Section 3: Spherical latent space#

The previous architecture generates representations that typically spread in different directions from coordinate \((z_1, z_2)=(0,0)\). This effect is due to the initialization of weights distributed randomly around 0.

Adding a third unit to the bottleneck layer defines a coordinate \((z_1, z_2, z_3)\) in 3D space. The latent space from such a network will still spread out from \((z_1, z_2, z_3)=(0, 0, 0)\).

Collapsing the latent space on the surface of a sphere removes the possibility of spreading indefinitely from the origin \((0, 0, 0)\) in any direction since this will eventually lead back to the origin.

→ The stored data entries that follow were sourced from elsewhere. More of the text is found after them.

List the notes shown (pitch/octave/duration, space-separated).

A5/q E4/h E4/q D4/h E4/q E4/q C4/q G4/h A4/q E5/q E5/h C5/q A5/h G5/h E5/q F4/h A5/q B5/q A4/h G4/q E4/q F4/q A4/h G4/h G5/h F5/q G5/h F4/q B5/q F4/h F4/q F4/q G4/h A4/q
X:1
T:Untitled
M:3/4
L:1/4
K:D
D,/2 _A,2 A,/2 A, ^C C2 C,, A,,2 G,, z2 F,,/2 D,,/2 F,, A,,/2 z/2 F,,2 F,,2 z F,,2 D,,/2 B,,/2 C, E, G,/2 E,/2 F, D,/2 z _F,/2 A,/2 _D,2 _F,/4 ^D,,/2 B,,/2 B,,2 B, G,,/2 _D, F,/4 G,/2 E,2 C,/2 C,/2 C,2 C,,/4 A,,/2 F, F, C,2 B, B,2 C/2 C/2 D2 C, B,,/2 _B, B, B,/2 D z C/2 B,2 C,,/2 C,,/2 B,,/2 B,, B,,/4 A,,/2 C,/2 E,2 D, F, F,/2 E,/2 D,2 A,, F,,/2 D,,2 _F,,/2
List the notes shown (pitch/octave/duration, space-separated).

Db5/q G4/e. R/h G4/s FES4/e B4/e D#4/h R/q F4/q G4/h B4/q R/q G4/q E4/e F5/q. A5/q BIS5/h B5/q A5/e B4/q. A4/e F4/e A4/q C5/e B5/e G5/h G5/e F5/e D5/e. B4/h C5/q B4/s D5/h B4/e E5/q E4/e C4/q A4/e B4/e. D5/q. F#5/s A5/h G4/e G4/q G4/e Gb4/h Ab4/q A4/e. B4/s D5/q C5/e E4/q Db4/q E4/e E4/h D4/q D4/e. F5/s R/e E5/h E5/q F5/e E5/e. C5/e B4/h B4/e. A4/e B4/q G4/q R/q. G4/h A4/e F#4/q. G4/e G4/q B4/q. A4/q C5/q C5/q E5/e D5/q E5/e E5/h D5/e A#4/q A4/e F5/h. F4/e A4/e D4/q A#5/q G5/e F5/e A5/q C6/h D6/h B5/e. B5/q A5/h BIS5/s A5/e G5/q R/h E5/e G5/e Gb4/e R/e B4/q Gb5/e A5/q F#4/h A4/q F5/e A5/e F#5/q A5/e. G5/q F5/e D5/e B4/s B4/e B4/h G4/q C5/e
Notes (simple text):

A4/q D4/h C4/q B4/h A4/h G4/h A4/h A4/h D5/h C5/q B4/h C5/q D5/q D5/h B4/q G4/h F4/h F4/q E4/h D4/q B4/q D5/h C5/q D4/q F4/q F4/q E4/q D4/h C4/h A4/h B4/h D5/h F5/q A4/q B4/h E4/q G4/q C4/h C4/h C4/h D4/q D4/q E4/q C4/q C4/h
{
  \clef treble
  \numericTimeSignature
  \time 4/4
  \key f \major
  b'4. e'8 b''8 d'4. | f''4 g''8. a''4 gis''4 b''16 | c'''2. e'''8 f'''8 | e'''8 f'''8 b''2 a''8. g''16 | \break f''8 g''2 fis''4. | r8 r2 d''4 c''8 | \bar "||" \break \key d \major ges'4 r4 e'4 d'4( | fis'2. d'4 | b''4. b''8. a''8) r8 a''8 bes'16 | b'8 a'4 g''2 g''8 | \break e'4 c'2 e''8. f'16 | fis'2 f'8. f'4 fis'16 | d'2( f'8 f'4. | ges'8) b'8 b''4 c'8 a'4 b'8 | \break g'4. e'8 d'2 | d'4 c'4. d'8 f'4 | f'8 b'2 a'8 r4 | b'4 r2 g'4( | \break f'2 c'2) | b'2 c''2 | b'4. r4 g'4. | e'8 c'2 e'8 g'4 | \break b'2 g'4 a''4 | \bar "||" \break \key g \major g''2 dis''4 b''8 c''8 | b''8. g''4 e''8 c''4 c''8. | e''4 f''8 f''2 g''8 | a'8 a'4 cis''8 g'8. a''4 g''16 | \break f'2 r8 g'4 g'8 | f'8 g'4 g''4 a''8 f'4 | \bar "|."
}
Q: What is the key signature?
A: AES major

This constraint generates a representation that fills the surface of the sphere.

Unit sphere S2

Projecting to the surface of the sphere is implemented by dividing the coordinates \((z_1, z_2, z_3)\) by their \(L_2\) norm.

(262)#\[\begin{equation} (z_1, z_2, z_3)\longmapsto (s_1, s_2, s_3)=(z_1, z_2, z_3)/\|(z_1, z_2, z_3)\|_2=(z_1, z_2, z_3)/ \sqrt{z_1^2+z_2^2+z_3^2} \end{equation}\]

This mapping projects to the surface of the \(S_2\) sphere with unit radius. (Why?)

Section 3.1: Build and train autoencoder (3D)#

We start by adding one unit to the bottleneck layer and visualize the latent space in 3D.

Please execute the cell below.

encoding_size = 3

model = nn.Sequential(
    nn.Linear(input_size, int(input_size / 2)),
    nn.PReLU(),
    nn.Linear(int(input_size / 2), encoding_size * 32),
    nn.PReLU(),
    nn.Linear(encoding_size * 32, encoding_size),
    nn.PReLU(),
    nn.Linear(encoding_size, encoding_size * 32),
    nn.PReLU(),
    nn.Linear(encoding_size * 32, int(input_size / 2)),
    nn.PReLU(),
    nn.Linear(int(input_size / 2), input_size),
    nn.Sigmoid()
    )

model[:-2].apply(init_weights_kaiming_normal)

encoder = model[:6]
decoder = model[6:]

print(f'Autoencoder \n\n {model}')

Section 3.2: Train the autoencoder#

Train the network for n_epochs=10 epochs with batch_size=128. Observe how the internal representation spreads from the origin and reaches much lower loss due to the additional degree of freedom in the bottleneck layer.

Instructions:

Please execute the cell below

n_epochs = 10
batch_size = 128

runSGD(model, input_train, input_test, n_epochs=n_epochs,
       batch_size=batch_size)

Section 3.3: Visualize the latent space in 3D#

Helper function: plot_latent_3d

Please uncomment the line below to inspect this function.

# help(plot_latent_3d)

with torch.no_grad():
  latent_test = encoder(input_test)

plot_latent_3d(latent_test, y_test)

Coding Exercise 2: Build deep autoencoder (2D) with latent spherical space#

We now constrain the latent space to the surface of a sphere \(S_2\).

Instructions:

Add the custom layer NormalizeLayer after the bottleneck layer
Adjust the definitions of encoder and decoder
Experiment with keyword show_text=False for plot_latent_3d

Helper function: NormalizeLayer

Please uncomment the line below to inspect this function.

# help(NormalizeLayer)

encoding_size = 3
#####################################################################
## TODO for students: add custom normalize layer
raise NotImplementedError("Complete the sequential model")
#####################################################################
model = nn.Sequential(
    nn.Linear(input_size, int(input_size / 2)),
    nn.PReLU(),
    nn.Linear(int(input_size / 2), encoding_size * 32),
    nn.PReLU(),
    nn.Linear(encoding_size * 32, encoding_size),
    nn.PReLU(),
    # add the normalization layer
    # ...,
    nn.Linear(encoding_size, encoding_size * 32),
    nn.PReLU(),
    nn.Linear(encoding_size * 32, int(input_size / 2)),
    nn.PReLU(),
    nn.Linear(int(input_size / 2), input_size),
    nn.Sigmoid()
    )

model[:-2].apply(init_weights_kaiming_normal)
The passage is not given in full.